Kay hadn't really got accustomed to having an afternoon out. When you are a mother's help you take the children for a walk, but you don't have an afternoon to yourself—at least Kay had never had one. But a house-parlour-maid has a whole afternoon and evening, and every other Sunday. Kay's heart danced whenever she thought about it.

She stood on the pavement and looked up and down the street, partly because she wasn't quite sure which way she wanted to go, and partly because it was so nice to be out. Sometimes the basement smelt of mould, and sometimes it smelt of mice, and sometimes it smelt of food, but it always smelt of something. It was lovely to stand on the pavement and snuff up some perfectly smellless air. It was the first time she had been out since she came. If she turned to the right, it would, according to Mrs Green, take her up into the square. If she turned to the left, it would take her down to the shops. Kay decided to turn to the left, because where there are shops there are buses, and she meant to begin her afternoon out by going for a ride on the top of a bus. She would go as far as the bus went, and then she could come back and go to a cinema. She turned her back on the square and began to walk, not hurrying, because she had all the afternoon and evening before her and she didn't want to hurry over a single moment of it.

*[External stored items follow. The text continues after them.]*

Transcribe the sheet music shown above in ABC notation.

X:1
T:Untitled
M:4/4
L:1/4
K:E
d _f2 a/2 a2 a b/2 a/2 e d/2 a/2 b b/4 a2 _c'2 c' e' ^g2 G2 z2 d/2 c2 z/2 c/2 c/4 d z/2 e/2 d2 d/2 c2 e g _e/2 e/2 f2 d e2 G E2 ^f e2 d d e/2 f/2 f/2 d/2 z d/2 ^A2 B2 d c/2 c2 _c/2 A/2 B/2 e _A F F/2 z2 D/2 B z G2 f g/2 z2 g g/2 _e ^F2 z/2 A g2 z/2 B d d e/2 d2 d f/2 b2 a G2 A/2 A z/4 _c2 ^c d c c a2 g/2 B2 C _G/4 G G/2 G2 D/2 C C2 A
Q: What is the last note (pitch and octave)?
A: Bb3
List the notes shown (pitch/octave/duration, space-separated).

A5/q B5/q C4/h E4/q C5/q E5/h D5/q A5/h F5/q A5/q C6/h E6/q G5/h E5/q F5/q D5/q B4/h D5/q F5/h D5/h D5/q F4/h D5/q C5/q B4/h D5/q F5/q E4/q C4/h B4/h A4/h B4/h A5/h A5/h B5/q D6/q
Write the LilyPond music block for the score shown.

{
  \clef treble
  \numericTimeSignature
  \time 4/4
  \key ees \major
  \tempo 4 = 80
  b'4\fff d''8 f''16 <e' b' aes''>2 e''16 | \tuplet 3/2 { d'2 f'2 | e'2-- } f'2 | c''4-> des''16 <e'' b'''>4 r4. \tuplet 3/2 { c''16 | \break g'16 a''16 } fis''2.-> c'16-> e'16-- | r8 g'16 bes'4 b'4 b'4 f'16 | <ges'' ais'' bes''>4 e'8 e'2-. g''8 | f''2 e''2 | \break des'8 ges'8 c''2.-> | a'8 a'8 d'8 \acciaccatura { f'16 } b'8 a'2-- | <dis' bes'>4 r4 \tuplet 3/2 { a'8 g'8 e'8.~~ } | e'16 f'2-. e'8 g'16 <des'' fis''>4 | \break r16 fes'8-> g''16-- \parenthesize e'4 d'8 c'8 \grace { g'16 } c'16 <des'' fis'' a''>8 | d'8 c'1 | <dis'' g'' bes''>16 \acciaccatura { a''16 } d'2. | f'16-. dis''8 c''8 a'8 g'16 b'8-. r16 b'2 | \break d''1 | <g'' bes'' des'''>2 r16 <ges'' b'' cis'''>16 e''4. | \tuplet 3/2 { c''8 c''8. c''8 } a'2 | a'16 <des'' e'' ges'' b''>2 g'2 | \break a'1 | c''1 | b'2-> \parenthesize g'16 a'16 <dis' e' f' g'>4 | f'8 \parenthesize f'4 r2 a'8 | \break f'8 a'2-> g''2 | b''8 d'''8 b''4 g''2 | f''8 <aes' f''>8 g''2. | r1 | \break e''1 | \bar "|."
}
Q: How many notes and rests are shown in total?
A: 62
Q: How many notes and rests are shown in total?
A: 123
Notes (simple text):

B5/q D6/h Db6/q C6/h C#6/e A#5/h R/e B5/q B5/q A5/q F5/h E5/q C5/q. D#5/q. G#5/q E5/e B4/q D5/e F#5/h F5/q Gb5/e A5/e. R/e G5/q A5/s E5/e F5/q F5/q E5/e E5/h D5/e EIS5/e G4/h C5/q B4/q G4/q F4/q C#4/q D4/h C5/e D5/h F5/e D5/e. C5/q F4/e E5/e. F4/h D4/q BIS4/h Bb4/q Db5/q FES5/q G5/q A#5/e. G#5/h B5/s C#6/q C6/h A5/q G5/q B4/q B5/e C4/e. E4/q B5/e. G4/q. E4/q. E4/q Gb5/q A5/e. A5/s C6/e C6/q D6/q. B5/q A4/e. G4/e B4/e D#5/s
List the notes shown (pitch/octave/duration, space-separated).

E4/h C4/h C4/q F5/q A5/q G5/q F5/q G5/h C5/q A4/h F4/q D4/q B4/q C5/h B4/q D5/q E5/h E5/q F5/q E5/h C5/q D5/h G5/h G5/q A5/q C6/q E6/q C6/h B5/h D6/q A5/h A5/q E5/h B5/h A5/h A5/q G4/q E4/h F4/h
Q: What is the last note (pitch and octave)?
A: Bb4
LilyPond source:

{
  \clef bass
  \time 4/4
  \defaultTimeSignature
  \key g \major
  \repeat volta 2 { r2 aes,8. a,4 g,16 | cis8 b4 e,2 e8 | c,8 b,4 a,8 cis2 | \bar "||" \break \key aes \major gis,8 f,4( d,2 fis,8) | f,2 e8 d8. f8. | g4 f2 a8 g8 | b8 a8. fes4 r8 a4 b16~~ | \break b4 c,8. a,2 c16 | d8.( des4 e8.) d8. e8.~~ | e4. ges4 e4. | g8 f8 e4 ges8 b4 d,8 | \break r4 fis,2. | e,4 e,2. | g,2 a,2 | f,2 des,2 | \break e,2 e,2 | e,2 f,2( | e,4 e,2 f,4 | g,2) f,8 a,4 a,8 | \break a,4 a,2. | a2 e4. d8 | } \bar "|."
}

She had just passed No. 18, when a man came up beside her and lifted his hat. He said, “How do you do, Miss Moore?” and Kay looked at him with a puzzled frown. She could not remember that she had ever seen him before, and she had an instant and very strong conviction that she didn't want to see him again. Yet he would have passed for an agreeable man—well dressed, well mannered, and well enough to look at. Kay couldn't have said why she didn't like him, but she hadn't the least doubt about it. He had rather light eyes, but you don't really like or dislike people because of the colour of their eyes. Or do you? Kay wasn't sure. But she was quite sure that she wanted to get rid of the man and begin her afternoon out. She looked at him with a sort of gentle severity and said,

“You seem to know my name, but I don't know you.”

The man fell into step with her as she walked.

“That is because it is such a long time since we met. I used to know you when you were a little girl. I knew your aunt, Mrs Moore.”

Something inside Kay said, “That's true—he knew Aunt Rhoda,” but it didn't make her any better pleased with his company. She stood still and said,

“I'm afraid I don't remember you at all.”

On the other side of the street Miles had reached No. 17. He saw the man come up with Kay and speak to her, and he saw Kay flush and walk on. He thought she was very pretty, and that she didn't look as if she were accustomed to knocking about London by herself.

And then all of a sudden he thought he would cross the road. He wasn't quite sure, but it looked as if the girl was trying to get rid of the man and not finding it any too easy. He didn't want to interfere, but if the fellow was being a bit above himself, it might have a sobering effect to discover that he hadn't got the street to himself. He came up therefore on the outside of the pavement and set a pace which kept him a couple of yards behind them. Almost at once he heard Kay say “No, thank you,” and a thrill of surprise ran through him, not at the words, but at the voice of this girl who had come running up the area steps of No. 16. He had liked Flossie's little Cockney voice because it told him that he was in London again, but this was another matter. A pretty voice. But lots of voices are pretty. This one had quality and breeding. The three words had a young dignity, and the turn of her head matched them.